>>20278It basically boils down to "don't be dumb and obvious," as well as the most important thing, which is to make absolutely certain that it stays between the two of you. If anyone else is to know, they need to have stated their acceptance ahead of time. Especially if they're her parent. You have to protect her by making it clear to her that there's pervasive untruth everywhere that most people buy into, and that if anyone finds out, they'll ruin you. It essentially boils down to "you must absolutely protect each other."
I learned it the hard way. I trusted people I shouldn't have. The only two people I ever told I liked my precious best friend and girlfriend before it got fucked up actually did keep it under their hat and accepted it gladly, but they didn't help me after the disaster occurred.
She and I thought that people probably knew or at least had a hunch, but were okay with it. We thought this of her mom, as well. But that was wrong, wrong, wrong, wrong. Bitch was an absolute nut and a coward, never even gave me the chance to say anything, never heard my side of it. I trusted her mom, and I took the biggest backstab of my life because of it.
Out of any of the things I could have done differently, probably the easiest and most effective thing I could have done would have been to have just said on the night we officially told each other how we felt, during that conversation, or later that night when she was calling me "boyfriend" to her brother with her mom too near for comfort—she didn't hear, though, thankfully, and I shushed the girl to make it clear not to say that with her mom around—that she needed to make absolutely sure to tell no one about this because people think it's just the worst thing in the world for someone my age to love someone her age.

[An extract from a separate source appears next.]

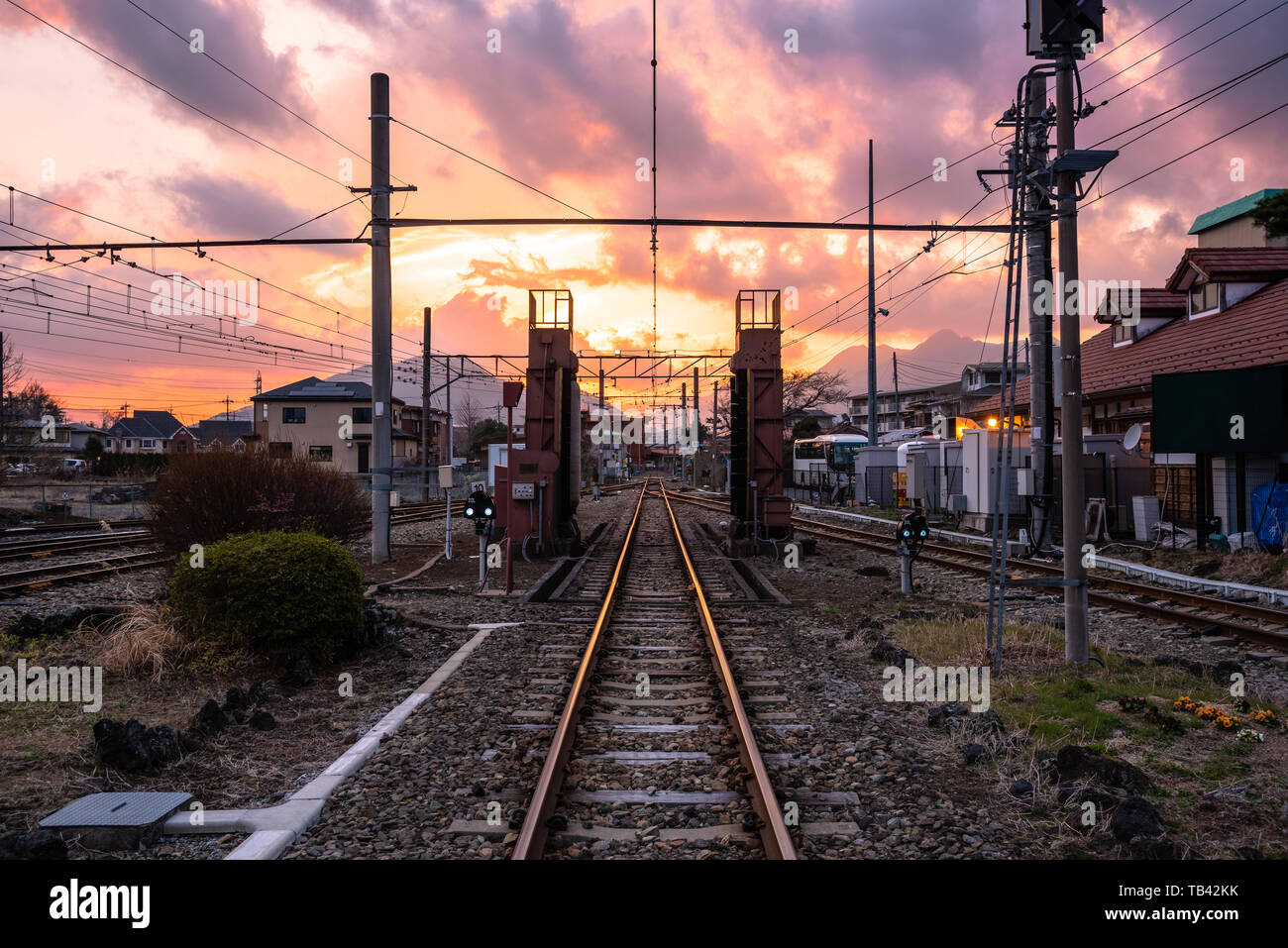 Empty Railway track near a Train Station at Sunset. Fujikawaguchiko, Japan. Stock Photo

With the shushing, I implied that message, but I needed to hammer that one in with way more emphasis. We were both far too naïve. Two of our best friends, even her big brother, all were willing to be cool about it. But parents are another thing entirely. They can be your best friend one day, and your worst enemy the next. I know from anecdotes that some parents are cool and will actually be okay with it, but you have to be absolutely, 100% certain that they are before you can trust them even one bit. Same goes for everyone else, too.